Using the instant method, it is possible to clone mRNA from very little starting material, e.g., 500 ng or less, an amount lower than can be used with most available techniques. The instant methods can be used, e.g., to sequence mRNA from very small amounts of sample like clinical samples, to sequence partially degraded samples, to sequence pri-miRNA or other capped RNA, to enrich mRNA without column purification (which increases speed and reduces cost) and to process samples in a high-throughput manner using liquid handling robots. The RNAs enriched for using the claimed methods also are more representative of functional mRNAs in eukaryotes than those enriched for using current methods.
Moreover, other protocols which enrich for capped sequences, specifically the CAGE protocol, have a known bias with a nonspecific G at the most 5′ end of the CAGE tags, which is attributed to the template-free 5′-extension during the first-strand cDNA synthesis. This introduces erroneous mapping of CAGE tags. In addition, CAGE uses 5′ linker with random sequence to do 5′ ligation, thus introducing mutations. This does not occur using the instant methods. In addition, in C. elegans, 70% of all functional transcripts get spliced to a leader sequence (SL). The SL is 22 nucleotides long. CAGE can only sequence the first 20 nucleotides of any particular transcript. Thus, the information obtained from CAGE is meaningless 70% of the time in that organism.

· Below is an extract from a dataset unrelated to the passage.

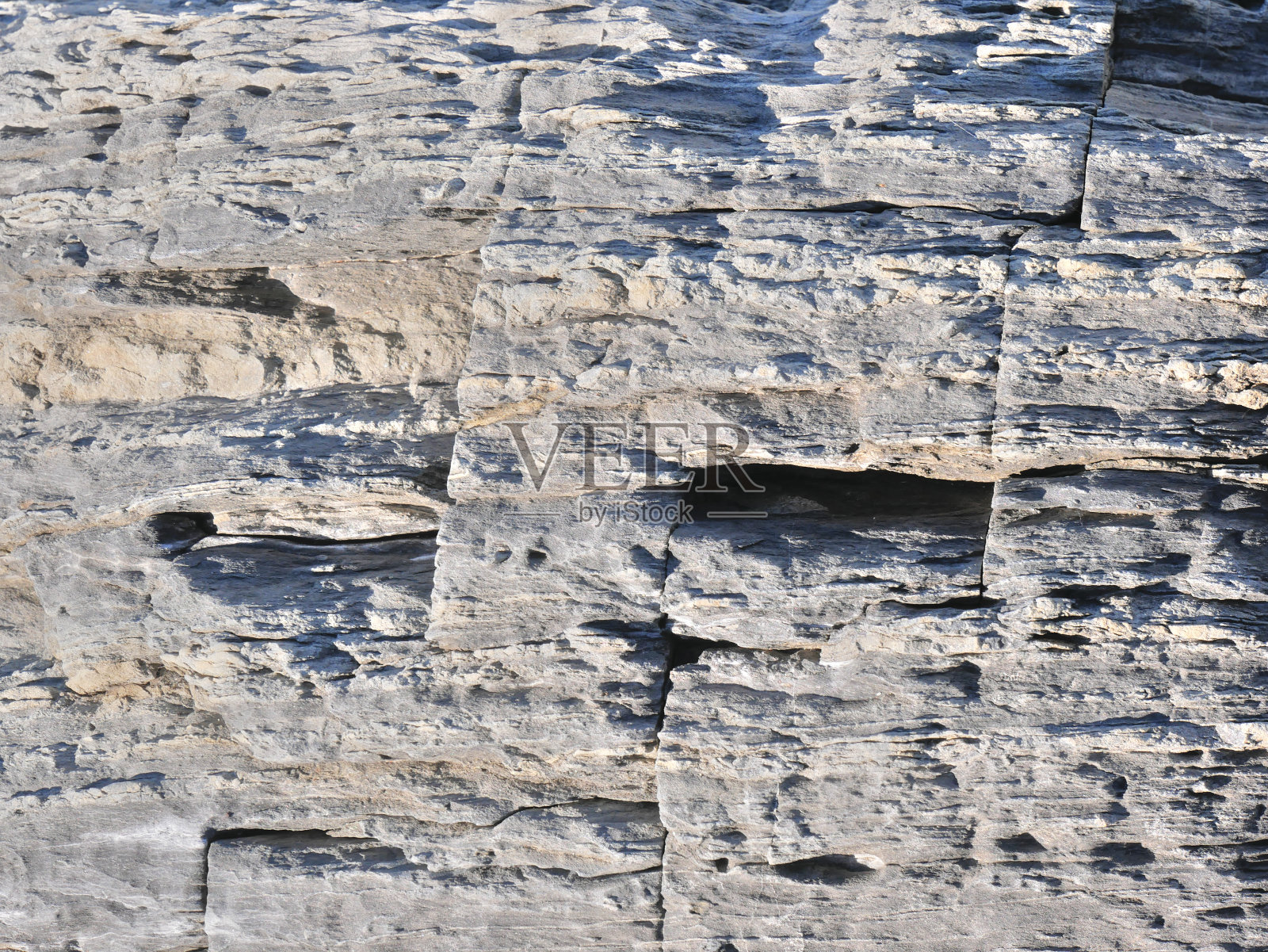 靠近有裂缝的岩石照片摄影图片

Moreover, in contrast to other prior art methods, the instant enzymatic process effectively eliminates rRNA. The combination of phosphatase and tobacco acid phosphatase does not remove ribosomal RNA. rRNA competes with mRNA in the following RT and PCR steps. Most importantly, rRNA can be degraded during the ligation step, which is usually carried out overnight. Even a very tiny amount of degradation, e.g. 1-2%, can give significant contamination with rRNA or other structural RNA, because those RNAs are about 98% of the total RNA.

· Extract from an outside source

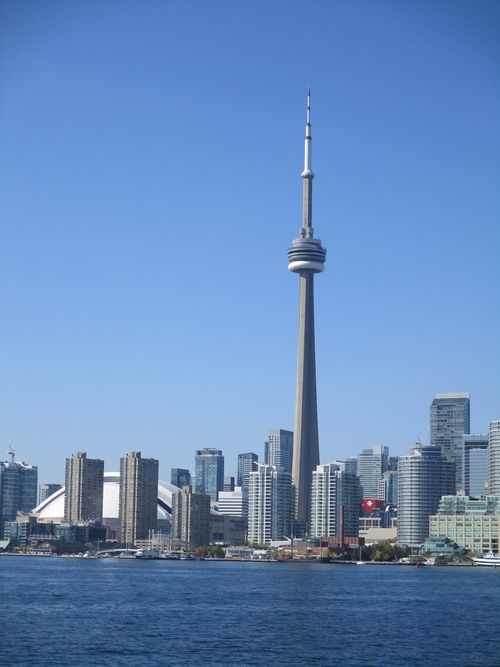 Free Stunning view of Toronto skyline with the CN Tower on a clear day from waterfront. Stock Photo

Of particular importance are the downstream applications made possible by the instant methods. Non-limiting examples include the identification of novel 5′ ends of non-annotated gene transcripts as described in the Examples infra, as well as confirmation of information relating to annotated transcripts, by overlaying reads onto annotated gene transcript information. Moreover, the instant methods can be applied to the identification of novel alternative splice sites (thereby identifying novel alternatively spliced transcripts) at the 5′ end or even within a transcriptome depending on the sequencing platform, and can also be used to quantify mRNA expression levels across different samples in an experiment (e.g., developmental stage transcriptome analysis as described in the Examples section infra). The instant methods can also be applied to identify pri-miRNA and pri/pre-piRNA and other non-polyadenylated but capped RNA. The instant methods can also be applied to samples that have partially degraded due to preparation or storage.
Accordingly, in one aspect, the invention is directed to a method of enriching for capped RNA present in a starting RNA sample containing rRNA comprising: contacting a starting RNA sample 5′ monophosphate-dependent exonuclease to obtain a population of 5′ monophosphate-dependent exonuclease resistant RNAs depleted of 28S, 16S, and 5.8S rRNA; contacting the population of 5′ monophosphate-dependent exonuclease resistant RNAs with at least one phosphatase to obtain a population of phosphatase-resistant RNAs depleted of RNAs having exposed 5′ phosphate groups; and contacting the population of phosphatase-resistant RNAs with a decapping enzyme to obtain a population of RNAs having an exposed alpha-phosphate in the 5′ Gppp cap, to thereby enrich for capped RNA present in a starting RNA sample containing rRNA.
In one embodiment, the starting RNA sample is total cellular RNA. In one embodiment, the starting RNA sample comprises 500 ng or less of RNA.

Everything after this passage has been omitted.